RECORD SET:
***

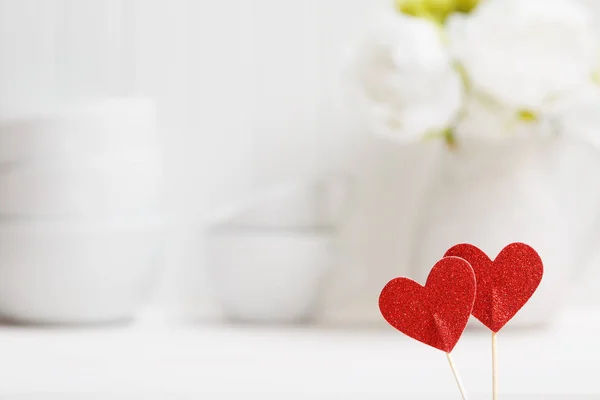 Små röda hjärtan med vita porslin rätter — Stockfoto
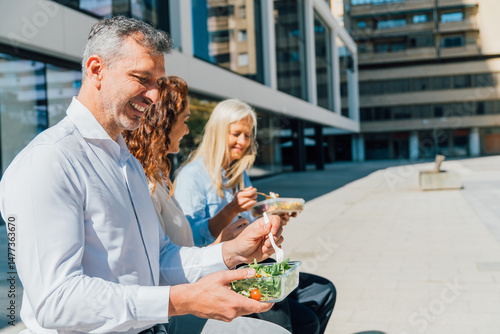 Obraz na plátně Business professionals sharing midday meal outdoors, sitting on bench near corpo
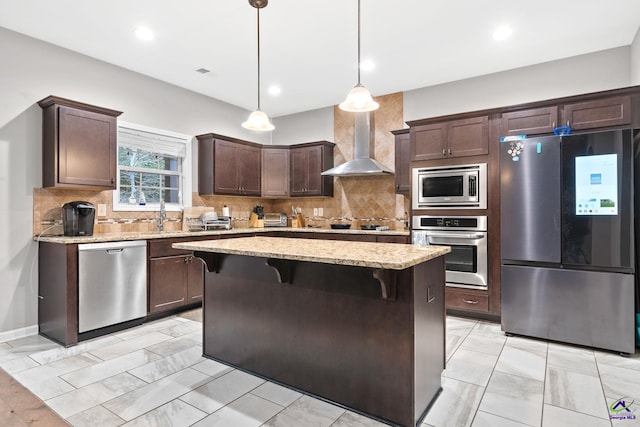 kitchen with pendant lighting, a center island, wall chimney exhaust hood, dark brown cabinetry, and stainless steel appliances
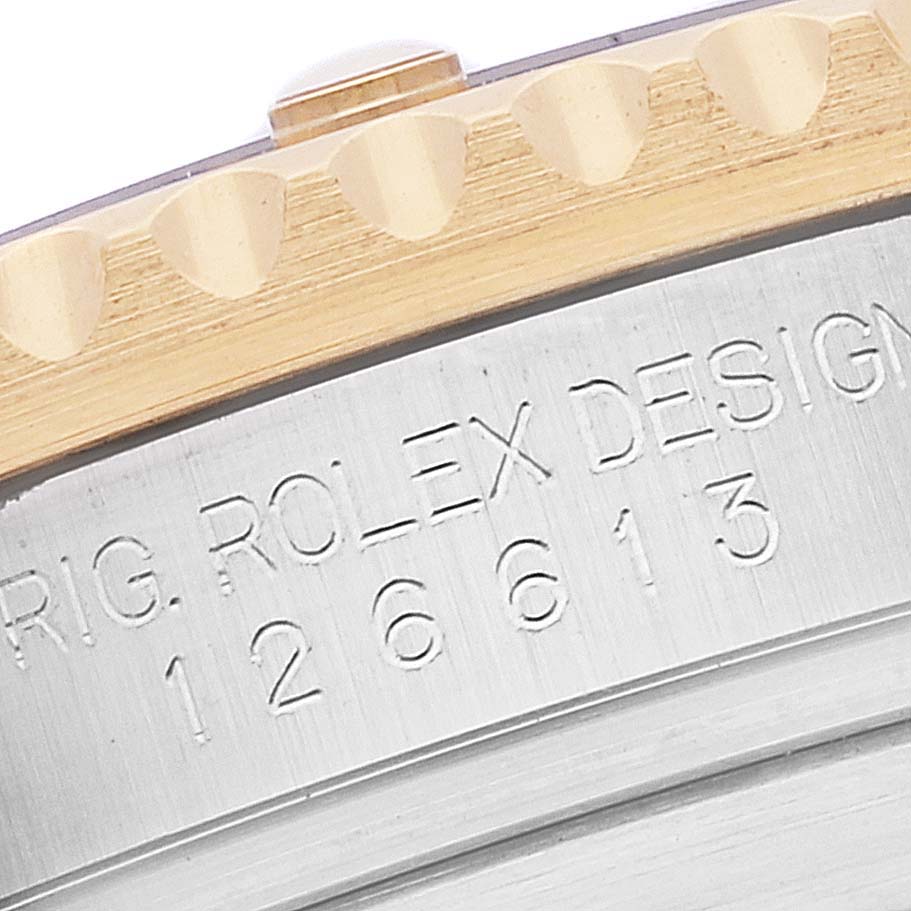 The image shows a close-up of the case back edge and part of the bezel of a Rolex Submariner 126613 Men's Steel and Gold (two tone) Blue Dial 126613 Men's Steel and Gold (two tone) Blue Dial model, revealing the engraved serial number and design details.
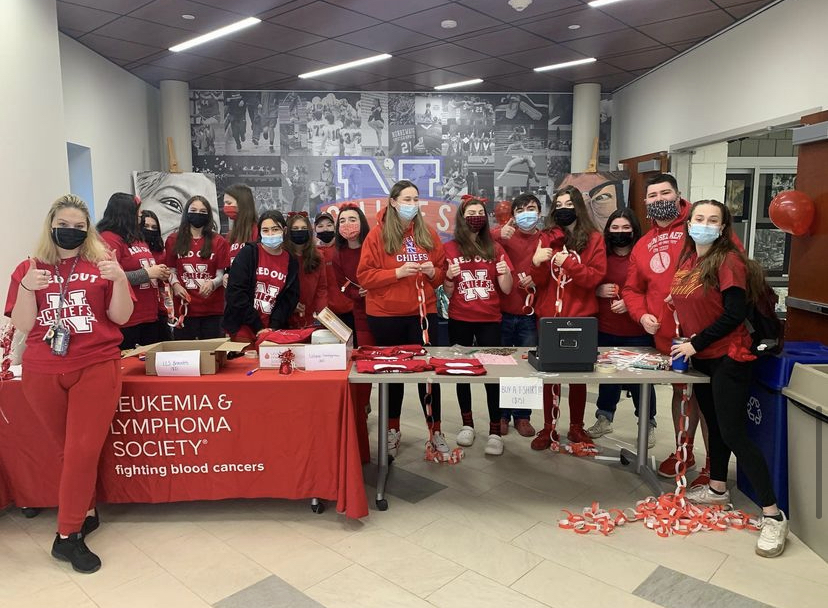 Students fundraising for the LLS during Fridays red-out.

***

ASSIGNED TASK: No pictures belong in the copy; quote exactly the lines from the line containing "kitchen with pendant" through the final line of the material, both ends included.

SOLUTION:
 kitchen with pendant lighting, a center island, wall chimney exhaust hood, dark brown cabinetry, and stainless steel appliances
 The image shows a close-up of the case back edge and part of the bezel of a Rolex Submariner 126613 Men's Steel and Gold (two tone) Blue Dial 126613 Men's Steel and Gold (two tone) Blue Dial model, revealing the engraved serial number and design details.
 Students fundraising for the LLS during Fridays red-out.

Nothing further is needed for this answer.